Buenos Aires: Arte Madí, 1955. Octavo (20.2 × 16.5 cm). Original pictorial wrappers with a reproduction of a photogram by Guillermo Adolfo Gutierrez; 138 pp. printed on brown wrapping paper and white art paper with numerous photographic portraits of the featured Madí members. Title page with handwritten dedication by Gyula Kosice to Manuel Álvarez (1923–2013, editor of the Argentinian art magazine “Arte Nuevo”). Wrappers worn, with front wrapper nearly detached; overall signs of wear; text toned; still about good. Item #54491
The movement made its first public appearance in the art world in 1944 with the journal "Arturo", which had its own unique program, although only one issue was published. The central figures of this new movement in Latin America were Gyula Kosice (1924–1916), Carmelo Arden Quin (1913–2010), and Rhod Rothfuss (1920–1969).

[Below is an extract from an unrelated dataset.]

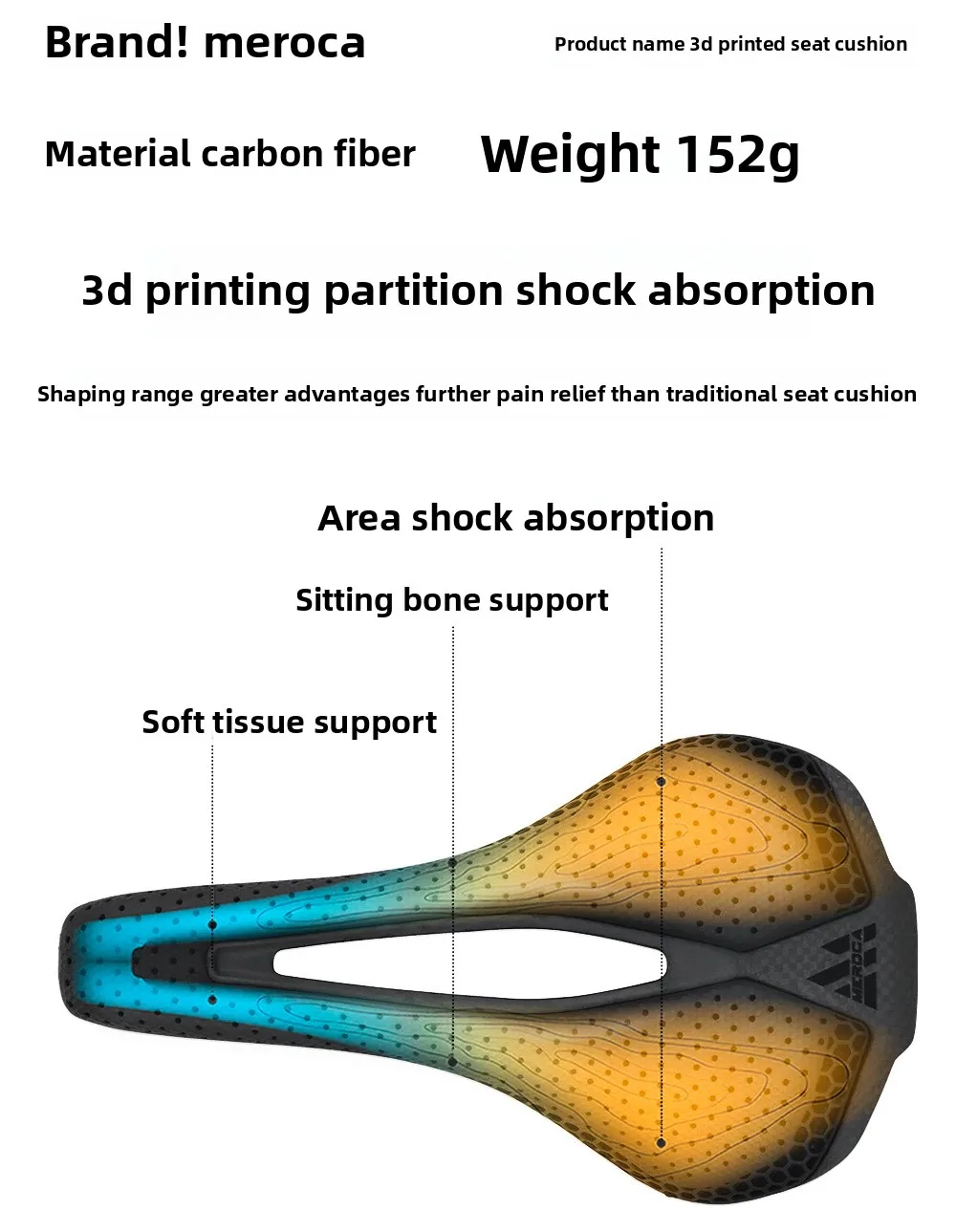 Meroca Vg R1 3D Printed Carbon Fiber Bottom Cushion T800 3K Simple Style Enhanced Shock Absorption Comfort Ventilation Function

The group's declared aim was not only to overcome expressionist, realistic, and romantic formal languages, but also, in the spirit of Concrete Art, to abandon any form of representation – the works should neither represent nor express anything. However, the Argentinians broke new ground. Characteristic for them was, of all things, the negation of the rectangular frame, which not only posed no problem for the continental representatives of this movement, but also fitted in well with their program of (mechanical) standardization of art and everyday life. The rectangular frame was virtually pars pro toto for the striving for typification of individual elements in art. (On this and the following: Perazzo, Nelly, and William Schwaller. "Arte Madí." Grove Art Online. 2003; Accessed 5 Jul. 2024.)
However, the Argentines saw the right-angled frame as a contradiction to their efforts to banish all representation from art. They recognized in the right angles of the frame strips the art theory of the early modern period, which defined the picture as "una finestra aperta" (an open window). Rothfuss contrasted Leon Battista Alberti's "finestra aperta" with the "marco recortado" ("structured frame"), which was, as it were, nestled against the irregular, polygonal, and geometric compositions. The Argentinians were thus a decade ahead of the North American abstract artists. Moreover, Košice was a pioneer in the use of new industrial materials such as Plexiglas and neon light.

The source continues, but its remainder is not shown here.